Flashcards in Internal Controls & IT General Controls 2(c) and 2(d) Deck (13):
Name 4 "Access Control" Levels/Layers:
(1) Data Level
(2) Application Level
(3) O/S Level
(4) Network Level
What are "Access Controls" at the "Data Level"?
- Most effective layer for logical access control is Data layer
- The closer the access control is to the data, the more effective the access control
- Users can access data through:
(2) O/S admin rights
What are "Access Controls" at the "Application Level"?
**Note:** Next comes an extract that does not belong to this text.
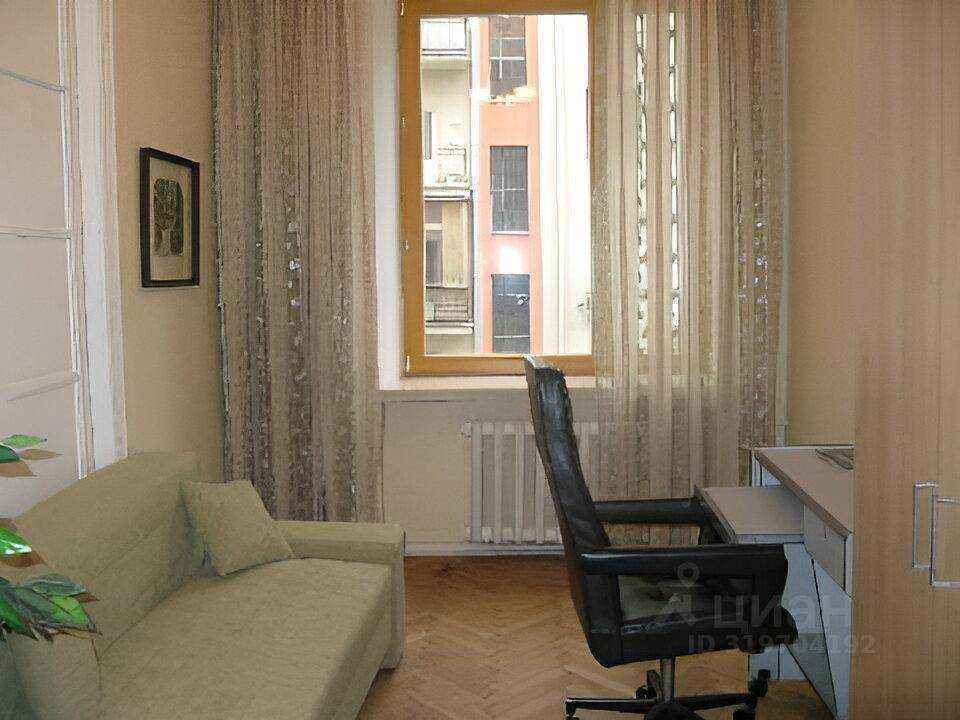 4-комнатная квартира, 90 м² — фотография 3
- Controls at Application Level are some of the most important controls in IT environment
- Level where most automated controls operate
- Evaluate and Test the following:
(1) Application Controls
(2) Logical SoD
(3) Spreadsheet Controls (test access and accuracy)
What are "Access Controls" at the "O/S Level"?
- O/S provide access to the files it houses
- Access is to raw data, databases, data files, and application files, O/S access has a particularly high inherent risk
(1) Limited Access
(2) Admin Rights
What are "Access Controls" at the "Network Level"?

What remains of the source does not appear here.